**TASK TO COMPLETE**
Make an exact copy of the records that follow, with each picture omitted.

**SOURCE RECORDS**
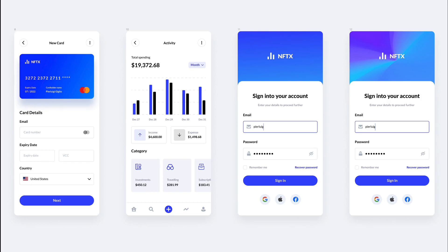Hey guys, Brigitte here. In this video, we're going to create these two sign-in screens in Figma. Now, this is part of a series of videos in which we're recreating an entire UI kit which I found on UI8 called NFTX.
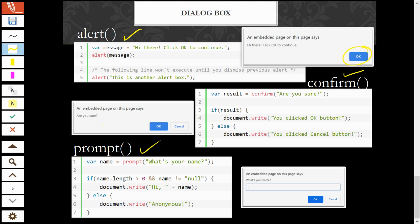For the confirm, there are okay and cancel button. And now, for prompt, the effect. The pop-up message will be in, you're going to have the text box and one okay button, one cancel button.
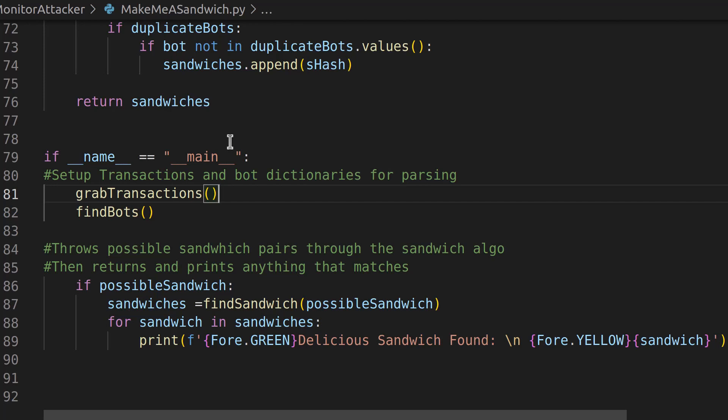Now, in the last video within this forensic series in Python, we wrote an application that found bot activity, non-human activity on the blockchain. And what we did is we manually parsed those for sandwich attacks. What we're going to do in this one is we're going to remove the manual component.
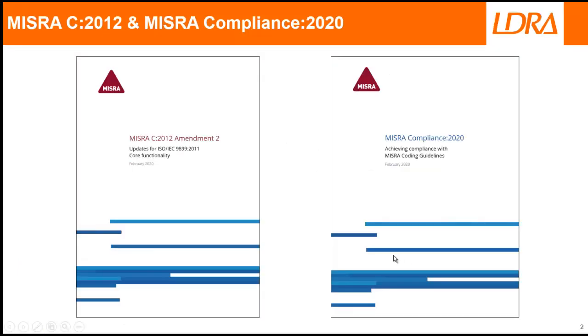The starting point is to obtain the necessary MISRA documents, starting with the MISRA C 2012 guidelines, as well as the latest amendments and also the latest MISRA compliance, and that's Compliance 2020.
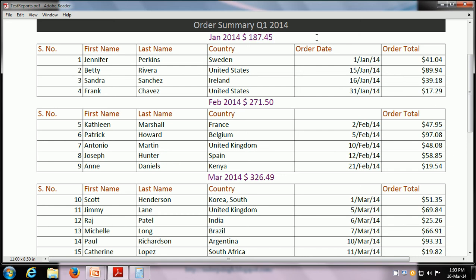The next thing we have to test is whether the grouping is correct. This particular sample report is divided into a section for every month — we have one section for January, another section for February, and so on. In the section for January, we can test whether each of the order dates was in January or not: 15th January — yes, 16th January — yes, 31st January — yes. This way, we can test that all the groupings are correct.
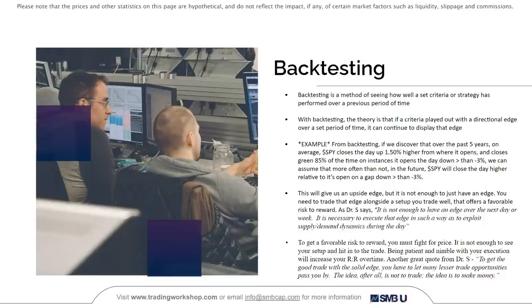Having an upside edge is not enough on its own. You need to trade that edge alongside a setup you trade well that offers a favorable risk to reward. As Dr. Steenbarger says, it is not enough to have an edge over the next day or week — it is necessary to execute that edge in such a way to exploit supply and demand dynamics during the day. To get a favorable risk to reward, you must fight for price. Being patient and nimble with your execution will increase your risk to reward over time. Another quote: to get the good trade with the solid edge, you have to let many lesser trade opportunities pass you by. The idea is not to trade — the idea is to make money.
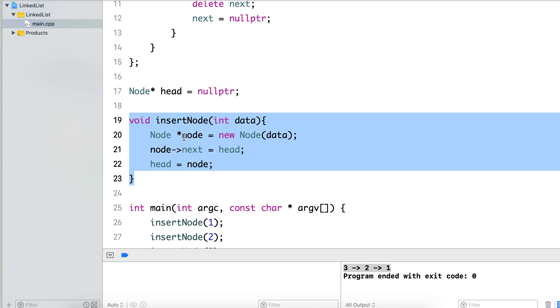So in this video we saw the operation of inserting a new node into the linked list. In the further sections we will see some more operations that we can perform on the linked list.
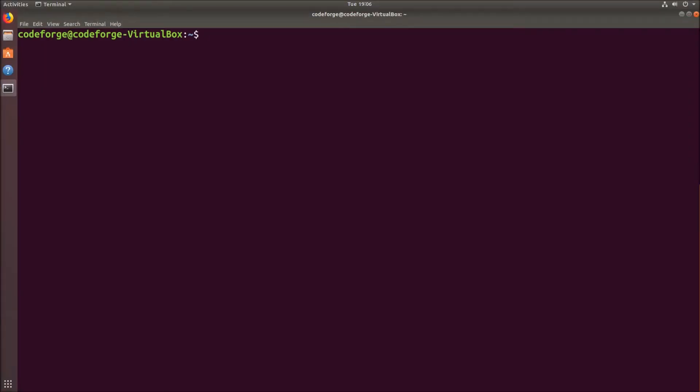Hello, in this video we will be installing Docker Community Edition. We will be using the repository approach to install it.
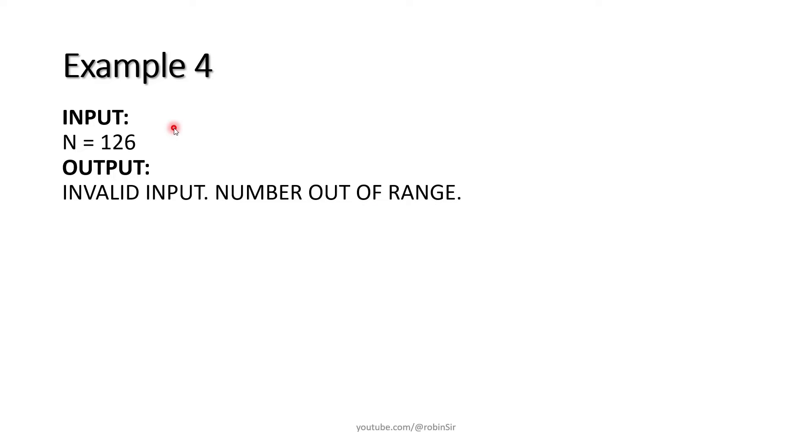And in the next example, when N is entered as 126, this is out of range according to the question. So we display 'invalid input number out of range'.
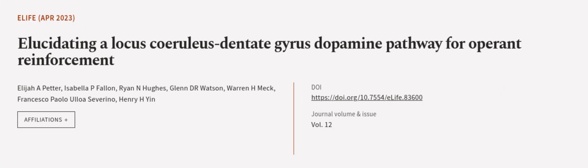This article was authored by Elijah A. Petter, Isabella P. Fallon, Ryan N. Hughes, and others. We are article.tv, links in the description below.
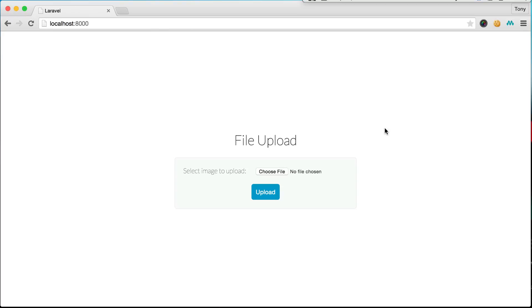Hey guys, what's up? In this quick video I'm going to show you how to upload an image using Laravel and it's very simple.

**TASK RESPONSE**
Hey guys, Brigitte here. In this video, we're going to create these two sign-in screens in Figma. Now, this is part of a series of videos in which we're recreating an entire UI kit which I found on UI8 called NFTX.
For the confirm, there are okay and cancel button. And now, for prompt, the effect. The pop-up message will be in, you're going to have the text box and one okay button, one cancel button.
Now, in the last video within this forensic series in Python, we wrote an application that found bot activity, non-human activity on the blockchain. And what we did is we manually parsed those for sandwich attacks. What we're going to do in this one is we're going to remove the manual component.
The starting point is to obtain the necessary MISRA documents, starting with the MISRA C 2012 guidelines, as well as the latest amendments and also the latest MISRA compliance, and that's Compliance 2020.
The next thing we have to test is whether the grouping is correct. This particular sample report is divided into a section for every month — we have one section for January, another section for February, and so on. In the section for January, we can test whether each of the order dates was in January or not: 15th January — yes, 16th January — yes, 31st January — yes. This way, we can test that all the groupings are correct.
Having an upside edge is not enough on its own. You need to trade that edge alongside a setup you trade well that offers a favorable risk to reward. As Dr. Steenbarger says, it is not enough to have an edge over the next day or week — it is necessary to execute that edge in such a way to exploit supply and demand dynamics during the day. To get a favorable risk to reward, you must fight for price. Being patient and nimble with your execution will increase your risk to reward over time. Another quote: to get the good trade with the solid edge, you have to let many lesser trade opportunities pass you by. The idea is not to trade — the idea is to make money.
So in this video we saw the operation of inserting a new node into the linked list. In the further sections we will see some more operations that we can perform on the linked list.
Hello, in this video we will be installing Docker Community Edition. We will be using the repository approach to install it.
And in the next example, when N is entered as 126, this is out of range according to the question. So we display 'invalid input number out of range'.
This article was authored by Elijah A. Petter, Isabella P. Fallon, Ryan N. Hughes, and others. We are article.tv, links in the description below.
Hey guys, what's up? In this quick video I'm going to show you how to upload an image using Laravel and it's very simple.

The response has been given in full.